Replying right away gives clarity to the sender. It shows them they’re valued and worth a quick reply. This is especially important when that other person is working for us. Replying right away acknowledges the other person and makes them feel heard. What a difficult thing to do in this distracted, white-noise age!
This week, try a new approach to your emails and other messages. Only give yourself the option of either replying right away or never replying at all. This forces us into action. If it’s in the “reply right away” category, don’t delay! Send the note and archive it, delete it, file it, whatever you do. If it’s in the “never reply” category, don’t leave it unread or hanging around to get around to someday. Again, archive it, delete it, file it, whatever you do.
To be clear, replying “right away” doesn’t mean you’re up at every hour anxiously hunched over your phone. You should have clear boundaries with yourself and when and how often you engage in email. Reply right away means promptly, during your dedicated time for email, not immediately.
By now you must be thinking, “He wants me to spend twice as much time in my inbox!” Actually, I want you to spend half as much time in your inbox. This is where “reply” and “react” get conflated. Reacting means taking action. It means accomplishing a task or finalizing a deliverable. And we want to do this both less and more deliberately.
For the messages that you decide need your reply, keep it short and simple. Think about your true priorities, based on what’s important and not what’s urgent, and decide whether to react now, soon, later, or never.
Reacting now is what most of us do, but experiment with saying “tomorrow” or “by end of week.” Let the person know that you heard them and what to expect from you by when. Most powerfully, though, never forget about “never.” Own your schedule and priorities and if what you’re being asked to do doesn’t fit inside that, let go of the guilt and say no.

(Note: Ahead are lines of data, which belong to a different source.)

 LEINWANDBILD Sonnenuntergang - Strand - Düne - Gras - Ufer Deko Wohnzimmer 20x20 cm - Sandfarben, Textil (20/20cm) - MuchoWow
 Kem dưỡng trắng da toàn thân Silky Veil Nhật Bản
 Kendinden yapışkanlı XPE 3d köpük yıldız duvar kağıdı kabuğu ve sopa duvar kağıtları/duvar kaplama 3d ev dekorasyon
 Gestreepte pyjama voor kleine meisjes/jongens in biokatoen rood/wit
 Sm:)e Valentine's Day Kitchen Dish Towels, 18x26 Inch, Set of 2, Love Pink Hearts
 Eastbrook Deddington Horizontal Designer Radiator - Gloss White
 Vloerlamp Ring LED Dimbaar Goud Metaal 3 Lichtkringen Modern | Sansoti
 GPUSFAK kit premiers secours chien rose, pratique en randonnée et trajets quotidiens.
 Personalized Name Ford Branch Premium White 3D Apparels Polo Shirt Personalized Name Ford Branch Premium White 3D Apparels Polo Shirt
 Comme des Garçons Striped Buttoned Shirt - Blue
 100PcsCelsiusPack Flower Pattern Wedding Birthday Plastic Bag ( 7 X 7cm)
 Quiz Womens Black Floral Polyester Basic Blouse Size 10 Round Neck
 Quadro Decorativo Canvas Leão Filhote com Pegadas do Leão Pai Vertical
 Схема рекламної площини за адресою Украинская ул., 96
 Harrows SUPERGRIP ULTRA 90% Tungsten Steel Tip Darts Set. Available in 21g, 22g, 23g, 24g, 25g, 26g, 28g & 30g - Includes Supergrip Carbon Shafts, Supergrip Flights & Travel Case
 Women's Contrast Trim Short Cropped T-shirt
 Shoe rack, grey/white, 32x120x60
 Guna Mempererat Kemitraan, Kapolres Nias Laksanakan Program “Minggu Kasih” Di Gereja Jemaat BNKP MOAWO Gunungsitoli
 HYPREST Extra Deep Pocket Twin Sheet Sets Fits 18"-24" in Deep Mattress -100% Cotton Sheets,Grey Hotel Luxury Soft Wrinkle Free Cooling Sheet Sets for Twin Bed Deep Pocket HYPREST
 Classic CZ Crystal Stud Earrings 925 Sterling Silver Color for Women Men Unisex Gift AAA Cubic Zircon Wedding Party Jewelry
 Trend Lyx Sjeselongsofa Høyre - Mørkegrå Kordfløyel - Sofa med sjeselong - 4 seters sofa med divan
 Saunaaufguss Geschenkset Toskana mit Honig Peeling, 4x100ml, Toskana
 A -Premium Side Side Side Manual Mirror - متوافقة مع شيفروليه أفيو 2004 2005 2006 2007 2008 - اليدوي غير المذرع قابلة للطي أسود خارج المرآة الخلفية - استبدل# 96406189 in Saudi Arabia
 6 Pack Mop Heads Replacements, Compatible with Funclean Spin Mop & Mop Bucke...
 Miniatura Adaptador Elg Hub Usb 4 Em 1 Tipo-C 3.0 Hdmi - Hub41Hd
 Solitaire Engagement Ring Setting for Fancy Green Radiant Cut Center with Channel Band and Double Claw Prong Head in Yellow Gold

When you say no it doesn’t have to be a harsh or determined “no.” Simply say that what they’re asking for isn’t something you’ll get to by the time they need it, or that it’s not something that will take priority given what you’re working on. You can still be solution-oriented. Ask if it’s okay to push past the deadline. Suggest ways of de-scoping the work. Offer someone or something that can help.
This week, try keeping your replies to three sentences or less. Include only what you’re doing (or not doing), when you’re doing it by, and any requests or questions. E.g., “Got it — I’ll get this back to you on Thursday morning, just send me the client data today so I can get started.” Or, “I won’t get to this today, check with Sarah to see if she has capacity.”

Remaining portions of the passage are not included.